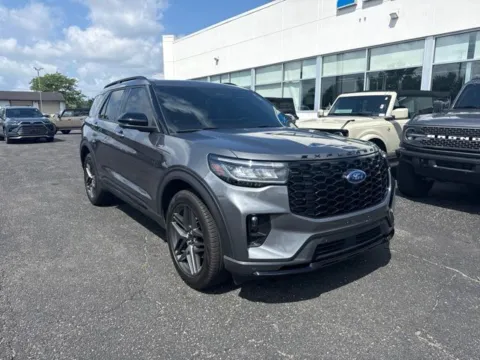 Photos of 2025 Ford Explorer ST-Line for sale in Lowell, MI at Zeigler Ford of Lowell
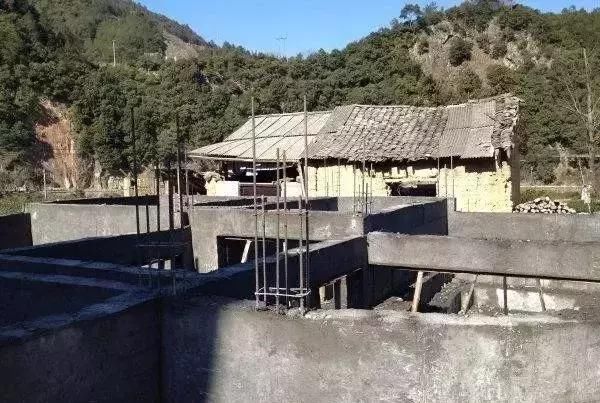 建房：28万建高颜值农村别墅，秒杀商品房，建好后老父亲很骄傲！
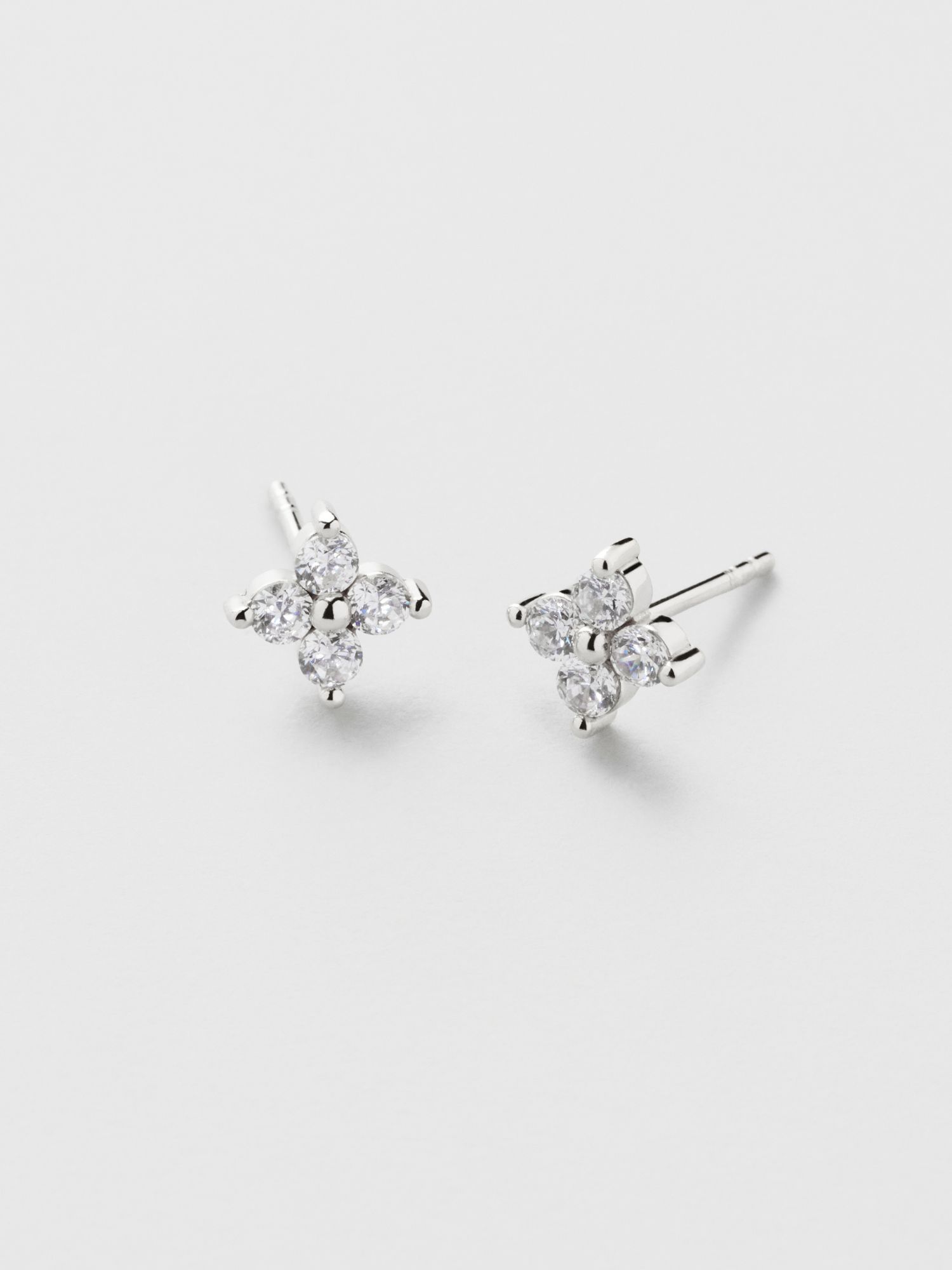 Lily Studs bild 3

● TRY IT
Restate the material above word for word; pictures do not belong in the copy.

● TASK ANSWER
 Photos of 2025 Ford Explorer ST-Line for sale in Lowell, MI at Zeigler Ford of Lowell
 建房：28万建高颜值农村别墅，秒杀商品房，建好后老父亲很骄傲！
 Lily Studs bild 3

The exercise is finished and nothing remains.